Great reasoning, but was it necessary to make it public before the affected
parties were able to investigate the claims and potentially provide a fix?
> * No intialization vector used in CBC mode -> FATAL problem.
As far as I know, KWallet *does* have an initialisation vector for each
folder.
> * Passphrase to key conversion is not one of the standards like
> pkcs#5 or the OpenPGK S2K method. Instead a simple brute force
> thing is tried by repeating the hashing the hash 2000 times. I
> also found no salt!
Thats indeed a problem. However, I doubt that anyone would actually go the way
of trying to brute force the wallet. Its *much* easier to just steal the
unencrypted data while the wallet is unlocked.
As far as I can see, this was not covered by Werner's analysis.
> * The protocol used is not decribed.
It is described in George's slides which he presented at N7y. We also refined
the storage protocol during this session a bit. I agree it might be better to
put that along the source code in CVS.
> * The plaintext files seems to be filled with random during
> initalization. I can't see a reason for this. This won't replace
> an IV.
I think thats a misinterpretation of the code.
> Kwallet as it stands now seems to be a major security problem.
Well, anything that maps n passwords for n > 1 to the safety of one master
password is by definition a security problem. There is nothing to discuss
about that, no matter how clever you design your wallet.

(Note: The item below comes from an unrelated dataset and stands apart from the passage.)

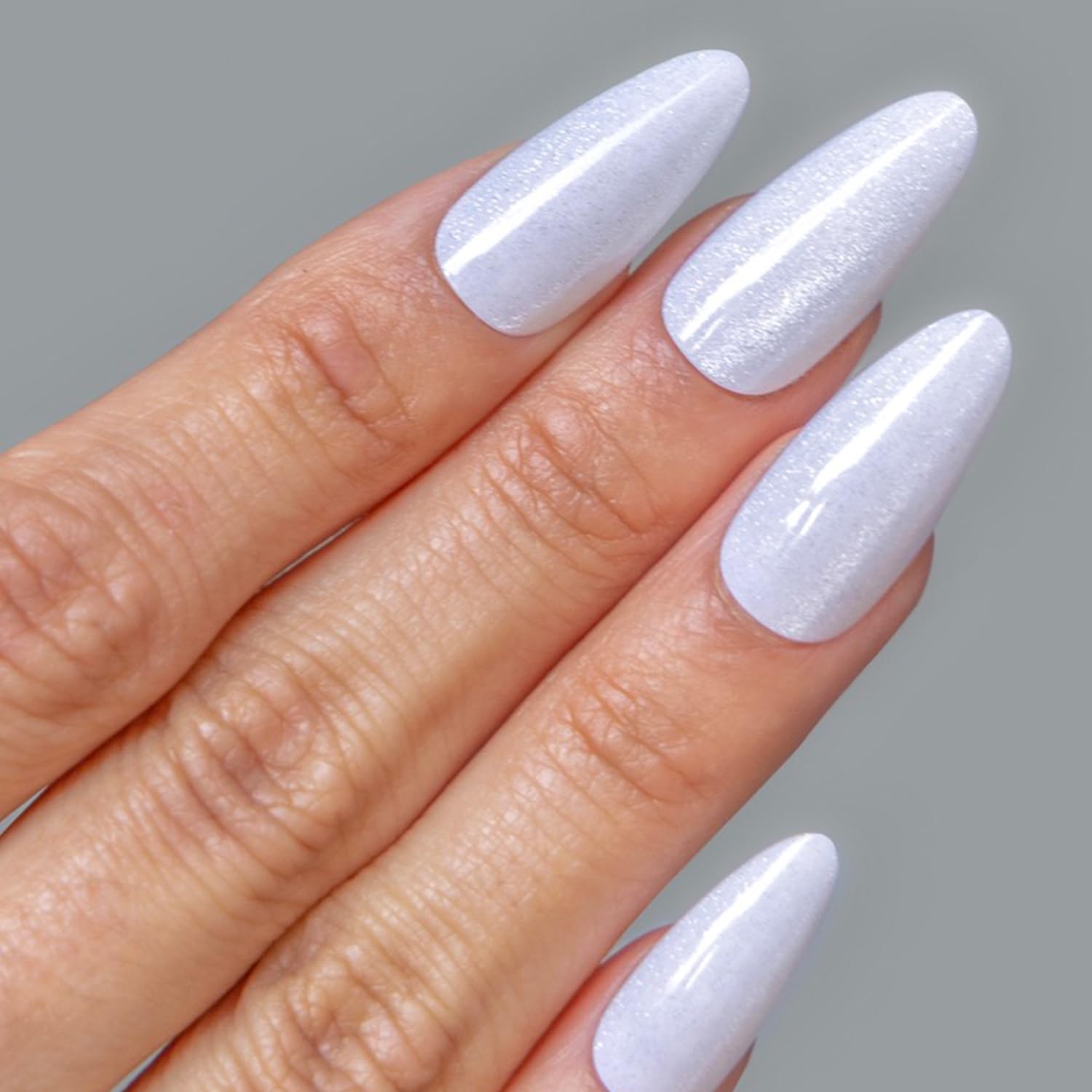 Close up view of Cala quick dry nail glue bottle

Maybe we should add a disclaimer like "Don't put the authorisation codes
required to launch nuclear weapons into a kwallet. " up when the kwallet is
used for the first time.
However, kwallet has a reason for existence: its extremely nice for
more-or-less throwaway web-accounts. there are dozens of places where you
have to enter one password or the other for some kind of authorisation, like
mailman interfaces, nonpublic webpages etc.
Evidence shows that the plethora of places you can only access with a password
increases drastically. Users cope with this in two ways: a) they use the same
throwaway password for all accounts. b) they deduct the password from the
login page itself. like repeating a word that is shown on the login page, or
some part of the domain/url, possibly slightly altered with a tiny algorithm.
comparing with these two very common strategies, kwallet is like a 10 meter
thick stainless steel dugout.
That said, I think its a much bigger security problem that KMail stores POP3
and IMAP passwords essentially unencrypted in its configuration file rather
than using a kwallet for it.
I tried to talk George into providing different access levels, or passwords
for each kwallet folder (a folder for webaccounts, a folder for mail accounts
and a folder for private data like your credit card number or similiar), but
for some reason we decided against this. Can't actually remember anymore why.
> might be wise to tell George to read Peter Gutmann's recent papers on
> the deficiencies of various VPN protocols.
I fail to see how they affec the wallet. What do you gain by adding protection
against insertion or replay attacks? KWallet is not "talked over the wire".